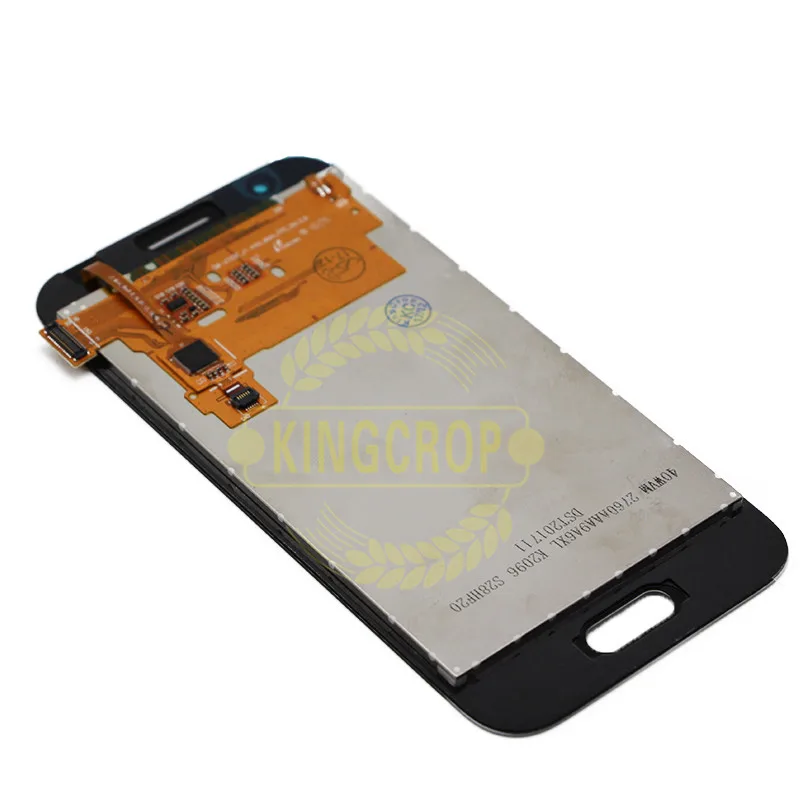 800*480 ЖК дисплей для Samsung Galaxy J1 мини J105 J105H J105F J105B J105M SM с сенсорным экраном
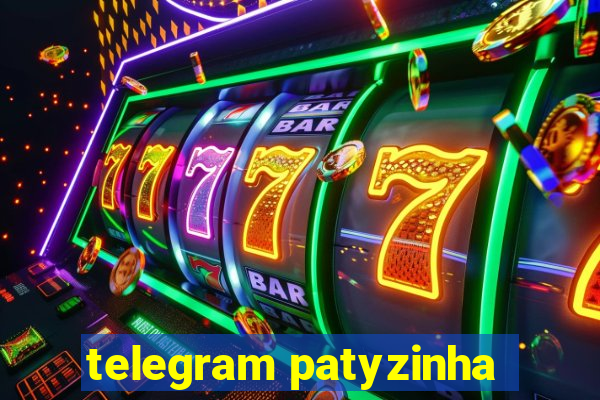 telegram patyzinha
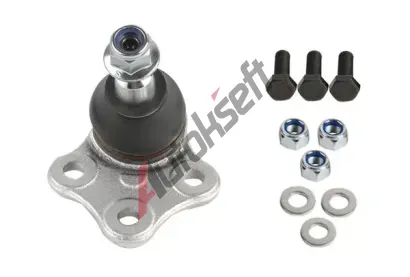 QWP Čep ramene QWP WSS1728K, WSS1728K  QWP Čep ramene QWP WSS1728K, WSS1728K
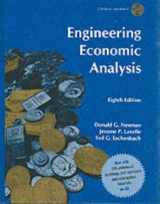 9781576450536-1576450538-Engineering Economic Analysis
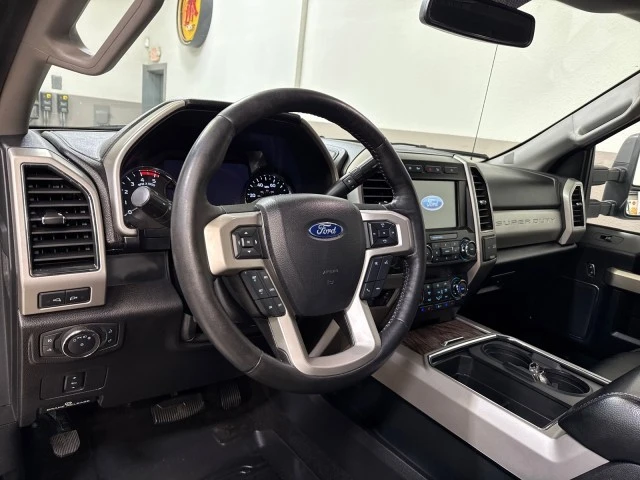 2019 Ford Super Duty 4th Gen - Image 18 of 21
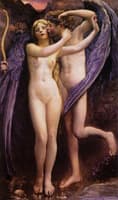 Cupid and Psyche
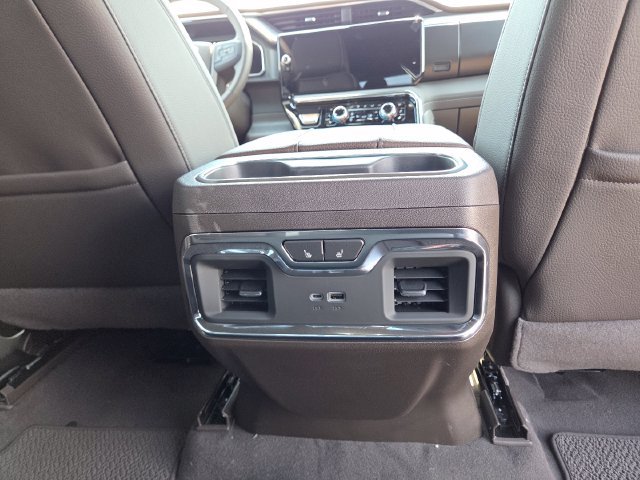 New 2026 GMC Sierra 1500 Denali w/ Denali Reserve Package AWD/4WD image 24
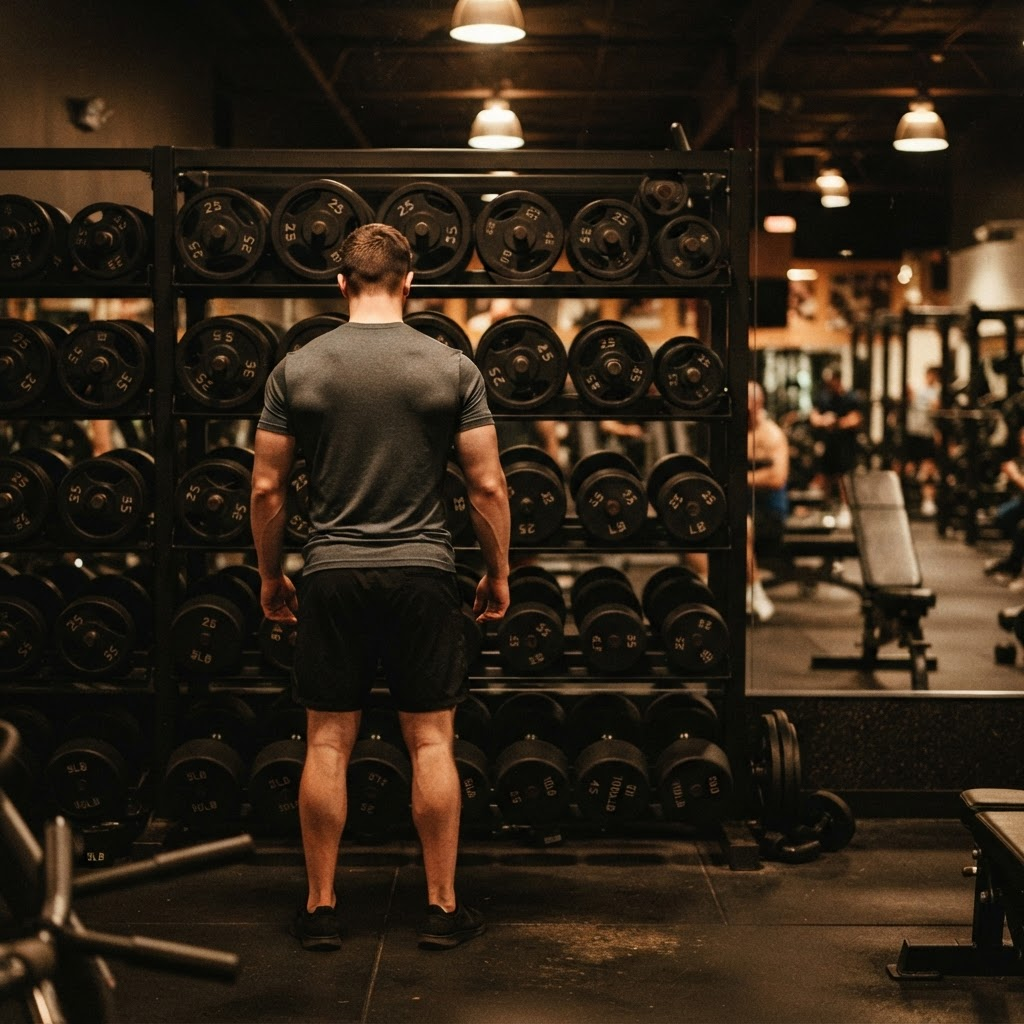 Progressive Overload richtig und messbar steuern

************

WORK ITEM: Only an exact copy of the lines from the top of the entries through the line with "Cupid and Psyche", both included, should be given, with all pictures omitted.

PROBLEM SOLUTION:
 800*480 ЖК дисплей для Samsung Galaxy J1 мини J105 J105H J105F J105B J105M SM с сенсорным экраном
 telegram patyzinha
 QWP Čep ramene QWP WSS1728K, WSS1728K  QWP Čep ramene QWP WSS1728K, WSS1728K
 9781576450536-1576450538-Engineering Economic Analysis
 2019 Ford Super Duty 4th Gen - Image 18 of 21
 Cupid and Psyche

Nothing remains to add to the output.